▶ [WORK REQUEST]:
Once you reach the line containing "Modernes Penthouse mit", return it and every line after it exactly, through the end of the records below, with no pictures.

▶ [Web page caption snippets]:
**********
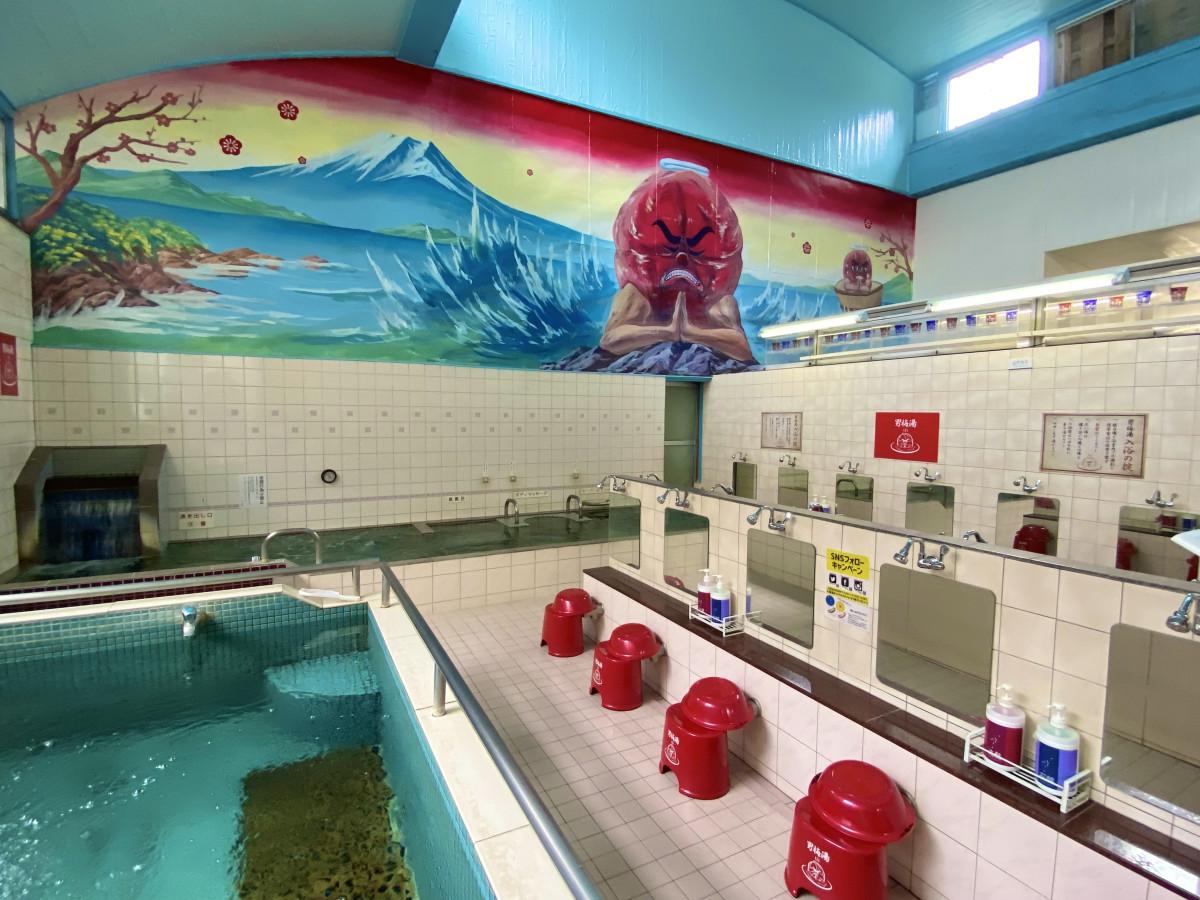 東京・押上の梅香る銭湯体験！「男梅」と大黒湯のコラボ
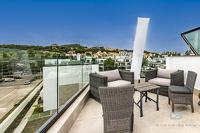 Modernes Penthouse mit eigenem Dachpool in fußläufiger Entfernung zu Annehmlichkeiten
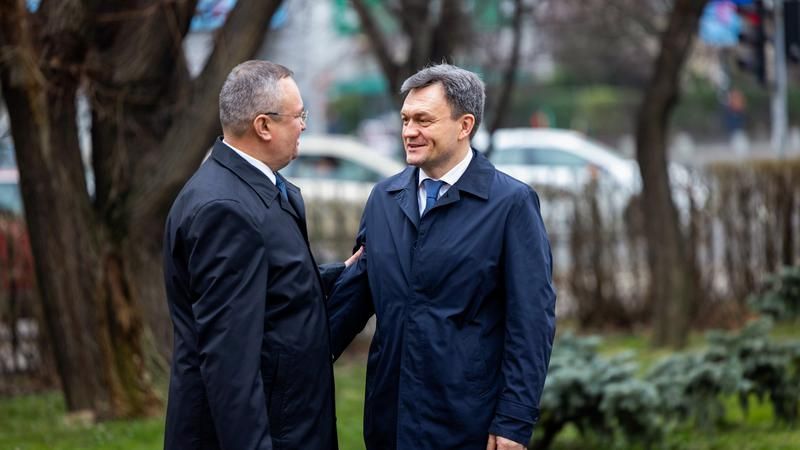 LIVE: Dorin Recean și Nicolae Ciucă susțin o conferință de presă la Chișinău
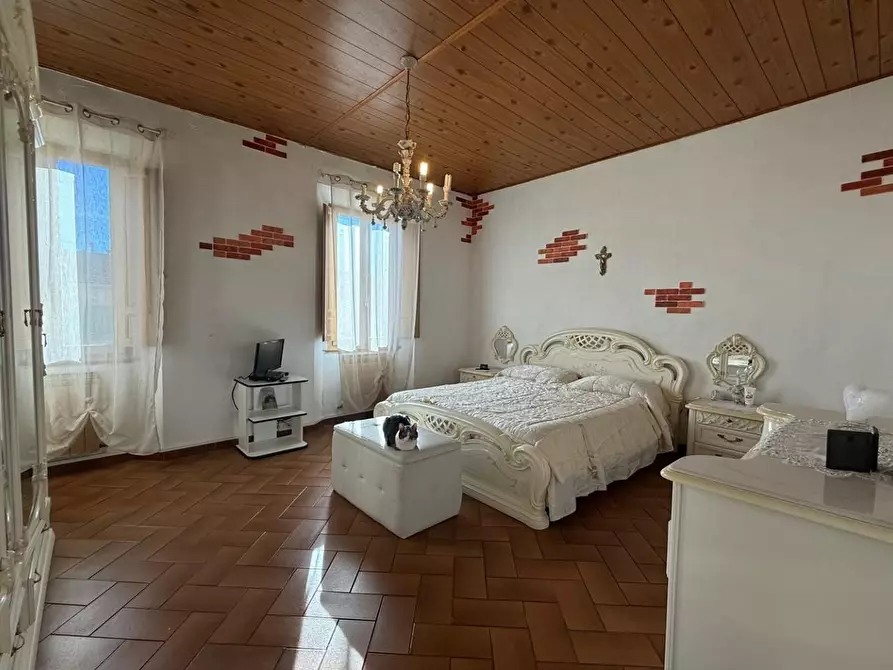 Immagine 10 di Appartamento in vendita  a Certaldo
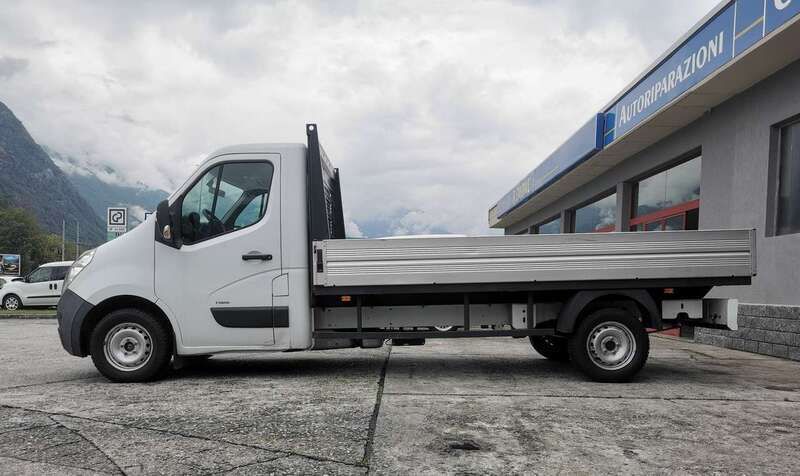Usata Opel Movano 131 CV (96 kW) 2016 Bianco Furgone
**********
▶ [COMPLETED EXERCISE]:
 Modernes Penthouse mit eigenem Dachpool in fußläufiger Entfernung zu Annehmlichkeiten
 LIVE: Dorin Recean și Nicolae Ciucă susțin o conferință de presă la Chișinău
 Immagine 10 di Appartamento in vendita  a Certaldo
Usata Opel Movano 131 CV (96 kW) 2016 Bianco Furgone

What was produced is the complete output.